After death

Rules for partner and orphan pensions after death will be simplified (and our Anw insurance will be discontinued).

If you pass away while employed by Unilever, both now and in the future, pension benefits will be provided for your surviving partner (partner pension) and children (orphan pension). However, the structure of these benefits will change.
 

New situation as of 1 January 2027:

  • In the event of death during employment at Unilever, your partner will be entitled to:
    • A lifelong partner pension equal to 30% of your salary, and
    • A temporary annual payment of €5,000, paid until your partner reaches the Dutch state pension (AOW) age applicable at the time of your death.

After commencement, both amounts will be adjusted annually—upward or downward—based on investment returns.

Currently, the partner pension is 70% of the projected old-age pension (not of the salary!). With the introduction of the temporary payment, the voluntary Anw insurance will be discontinued.
(The Surviving Dependants Act (Anw) benefit from the government is governed by very strict rules. Therefore, Forward’s old voluntary Anw insurance prevents a shortfall for your partner if you pass away unexpectedly. Instead of this voluntary insurance, Forward will offer an annual €5.000 payment for partners of all active participants in the event of death.)

 

  • In the event of death during employment at Unilever, your children will be entitled to:
    • An orphan pension of 15% of your salary per child, paid until the child reaches the age of 25.

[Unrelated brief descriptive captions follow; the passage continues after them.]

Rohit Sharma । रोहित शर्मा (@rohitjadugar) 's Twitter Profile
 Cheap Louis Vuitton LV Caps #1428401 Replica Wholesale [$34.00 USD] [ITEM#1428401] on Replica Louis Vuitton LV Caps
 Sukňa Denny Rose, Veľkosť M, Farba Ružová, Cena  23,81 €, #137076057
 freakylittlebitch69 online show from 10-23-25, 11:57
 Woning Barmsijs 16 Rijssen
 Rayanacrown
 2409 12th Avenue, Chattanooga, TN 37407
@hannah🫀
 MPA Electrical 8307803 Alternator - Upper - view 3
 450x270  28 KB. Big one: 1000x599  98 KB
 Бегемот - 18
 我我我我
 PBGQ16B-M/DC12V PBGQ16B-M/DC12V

(Currently, this is 20% of the partner pension, paid until the age of 21.)

 

If you leave Unilever’s employment:
Your partner will no longer be entitled to the above-mentioned benefits under the Forward pension scheme. However, partner pension coverage may be provided by a future employer.

If you do not have a new job immediately after leaving Unilever, coverage for your surviving dependents will continue automatically and free of charge for three months.
After this period, you may choose to continue the coverage at your own expense. The premium will then be deducted from your pension capital.

Upon retirement, you will be able to choose the percentage of partner pension you wish to insure from that moment onwards.